What the task asks ->
Only lines with the string "Panel" should be returned from the data below.

══ Records provided

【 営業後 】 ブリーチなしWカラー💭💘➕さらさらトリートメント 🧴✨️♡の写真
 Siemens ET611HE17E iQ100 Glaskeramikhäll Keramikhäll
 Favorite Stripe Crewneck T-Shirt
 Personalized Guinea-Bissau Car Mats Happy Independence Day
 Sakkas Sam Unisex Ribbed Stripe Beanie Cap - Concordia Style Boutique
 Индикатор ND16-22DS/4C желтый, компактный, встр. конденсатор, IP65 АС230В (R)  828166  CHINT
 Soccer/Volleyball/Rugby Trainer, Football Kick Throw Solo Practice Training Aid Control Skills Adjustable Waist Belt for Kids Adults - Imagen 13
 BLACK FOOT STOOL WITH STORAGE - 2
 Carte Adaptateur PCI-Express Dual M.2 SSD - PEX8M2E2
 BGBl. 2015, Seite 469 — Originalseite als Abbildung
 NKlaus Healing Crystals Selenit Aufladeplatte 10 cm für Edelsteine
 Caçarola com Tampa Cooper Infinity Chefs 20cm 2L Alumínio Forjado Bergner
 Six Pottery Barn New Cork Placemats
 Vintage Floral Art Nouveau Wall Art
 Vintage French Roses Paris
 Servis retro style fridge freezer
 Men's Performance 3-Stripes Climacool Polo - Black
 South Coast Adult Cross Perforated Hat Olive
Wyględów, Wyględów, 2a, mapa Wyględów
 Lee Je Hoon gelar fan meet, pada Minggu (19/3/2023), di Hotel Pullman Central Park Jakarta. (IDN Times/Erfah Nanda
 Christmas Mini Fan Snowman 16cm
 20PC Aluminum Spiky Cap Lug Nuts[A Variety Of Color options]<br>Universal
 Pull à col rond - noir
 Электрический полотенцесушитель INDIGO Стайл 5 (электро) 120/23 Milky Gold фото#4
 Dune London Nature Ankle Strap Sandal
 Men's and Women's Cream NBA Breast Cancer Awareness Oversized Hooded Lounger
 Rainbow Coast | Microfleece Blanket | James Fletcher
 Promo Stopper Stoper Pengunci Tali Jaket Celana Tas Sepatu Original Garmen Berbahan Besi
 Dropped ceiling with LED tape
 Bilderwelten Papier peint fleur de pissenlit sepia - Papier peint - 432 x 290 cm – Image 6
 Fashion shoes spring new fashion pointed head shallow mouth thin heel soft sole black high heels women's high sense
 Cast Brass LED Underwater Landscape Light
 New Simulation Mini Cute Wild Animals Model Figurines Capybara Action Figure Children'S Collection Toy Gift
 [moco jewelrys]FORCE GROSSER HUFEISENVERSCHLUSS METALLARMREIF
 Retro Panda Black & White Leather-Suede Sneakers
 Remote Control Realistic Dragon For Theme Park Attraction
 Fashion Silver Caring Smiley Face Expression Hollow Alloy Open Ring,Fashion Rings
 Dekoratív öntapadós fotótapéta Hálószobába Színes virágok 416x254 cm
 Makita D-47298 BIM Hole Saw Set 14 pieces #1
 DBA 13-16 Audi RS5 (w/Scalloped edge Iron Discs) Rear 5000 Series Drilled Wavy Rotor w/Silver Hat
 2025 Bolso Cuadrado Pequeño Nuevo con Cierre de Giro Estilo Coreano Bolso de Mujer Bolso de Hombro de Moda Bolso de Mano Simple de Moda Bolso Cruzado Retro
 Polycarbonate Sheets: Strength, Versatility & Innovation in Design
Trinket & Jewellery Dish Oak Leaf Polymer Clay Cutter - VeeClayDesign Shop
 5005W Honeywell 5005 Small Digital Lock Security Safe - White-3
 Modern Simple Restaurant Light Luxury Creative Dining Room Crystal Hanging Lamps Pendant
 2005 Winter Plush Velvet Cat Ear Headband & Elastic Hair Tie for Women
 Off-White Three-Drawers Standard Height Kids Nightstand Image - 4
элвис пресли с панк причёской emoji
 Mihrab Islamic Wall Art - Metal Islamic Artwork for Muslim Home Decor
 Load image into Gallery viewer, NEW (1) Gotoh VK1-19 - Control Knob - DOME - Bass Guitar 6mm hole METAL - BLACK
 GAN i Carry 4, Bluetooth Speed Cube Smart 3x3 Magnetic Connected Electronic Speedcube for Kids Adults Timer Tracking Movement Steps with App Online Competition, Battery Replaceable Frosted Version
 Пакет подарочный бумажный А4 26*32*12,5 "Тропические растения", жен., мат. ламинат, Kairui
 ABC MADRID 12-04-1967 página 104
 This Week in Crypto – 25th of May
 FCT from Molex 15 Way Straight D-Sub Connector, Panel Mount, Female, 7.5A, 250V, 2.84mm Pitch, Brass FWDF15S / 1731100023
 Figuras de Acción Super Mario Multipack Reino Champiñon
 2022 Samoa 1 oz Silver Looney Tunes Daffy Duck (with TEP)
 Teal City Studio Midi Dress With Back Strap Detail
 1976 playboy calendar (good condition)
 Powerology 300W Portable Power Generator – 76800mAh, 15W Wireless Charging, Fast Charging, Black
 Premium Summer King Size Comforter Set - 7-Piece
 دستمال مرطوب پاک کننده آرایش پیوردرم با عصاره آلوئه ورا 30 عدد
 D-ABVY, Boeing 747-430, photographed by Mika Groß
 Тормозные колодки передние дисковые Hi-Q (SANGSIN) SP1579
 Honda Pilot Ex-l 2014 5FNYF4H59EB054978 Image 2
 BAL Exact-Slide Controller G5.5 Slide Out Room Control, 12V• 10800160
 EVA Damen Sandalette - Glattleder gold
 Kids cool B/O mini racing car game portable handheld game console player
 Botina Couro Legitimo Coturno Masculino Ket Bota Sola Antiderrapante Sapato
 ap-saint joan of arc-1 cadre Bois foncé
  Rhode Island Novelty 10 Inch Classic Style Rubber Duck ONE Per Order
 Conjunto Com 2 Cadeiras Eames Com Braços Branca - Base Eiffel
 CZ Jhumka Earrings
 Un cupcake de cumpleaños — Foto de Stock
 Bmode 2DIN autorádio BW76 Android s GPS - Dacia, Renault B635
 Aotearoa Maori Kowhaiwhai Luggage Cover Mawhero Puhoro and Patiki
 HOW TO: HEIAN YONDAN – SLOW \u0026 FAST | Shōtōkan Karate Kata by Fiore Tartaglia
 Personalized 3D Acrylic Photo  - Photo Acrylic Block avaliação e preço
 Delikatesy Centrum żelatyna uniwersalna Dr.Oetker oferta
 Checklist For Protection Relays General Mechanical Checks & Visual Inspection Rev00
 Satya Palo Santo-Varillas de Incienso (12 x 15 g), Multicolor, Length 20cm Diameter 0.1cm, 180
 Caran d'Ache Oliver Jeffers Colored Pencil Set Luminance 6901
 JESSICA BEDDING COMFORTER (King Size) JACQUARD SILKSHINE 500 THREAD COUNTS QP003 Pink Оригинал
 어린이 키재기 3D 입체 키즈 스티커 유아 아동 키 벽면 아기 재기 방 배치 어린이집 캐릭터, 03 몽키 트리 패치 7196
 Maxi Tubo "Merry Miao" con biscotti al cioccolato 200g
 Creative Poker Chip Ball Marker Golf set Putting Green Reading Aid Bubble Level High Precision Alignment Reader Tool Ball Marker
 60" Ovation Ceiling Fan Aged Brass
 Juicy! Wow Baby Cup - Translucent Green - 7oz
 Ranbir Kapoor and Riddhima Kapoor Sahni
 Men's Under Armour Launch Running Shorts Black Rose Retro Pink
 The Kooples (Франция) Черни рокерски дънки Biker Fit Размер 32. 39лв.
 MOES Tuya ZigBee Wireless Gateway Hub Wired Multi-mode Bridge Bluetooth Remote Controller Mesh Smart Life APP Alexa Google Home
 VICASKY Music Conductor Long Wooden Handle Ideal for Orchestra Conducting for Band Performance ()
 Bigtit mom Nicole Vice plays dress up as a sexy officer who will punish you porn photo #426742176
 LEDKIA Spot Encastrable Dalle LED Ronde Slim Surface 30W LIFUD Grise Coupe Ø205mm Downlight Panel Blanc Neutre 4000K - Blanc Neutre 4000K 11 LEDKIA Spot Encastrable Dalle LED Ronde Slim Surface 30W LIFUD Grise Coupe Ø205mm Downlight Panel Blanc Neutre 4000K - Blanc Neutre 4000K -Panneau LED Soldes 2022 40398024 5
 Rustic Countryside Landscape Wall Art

════

Response to the exercise ->
 FCT from Molex 15 Way Straight D-Sub Connector, Panel Mount, Female, 7.5A, 250V, 2.84mm Pitch, Brass FWDF15S / 1731100023
 LEDKIA Spot Encastrable Dalle LED Ronde Slim Surface 30W LIFUD Grise Coupe Ø205mm Downlight Panel Blanc Neutre 4000K - Blanc Neutre 4000K 11 LEDKIA Spot Encastrable Dalle LED Ronde Slim Surface 30W LIFUD Grise Coupe Ø205mm Downlight Panel Blanc Neutre 4000K - Blanc Neutre 4000K -Panneau LED Soldes 2022 40398024 5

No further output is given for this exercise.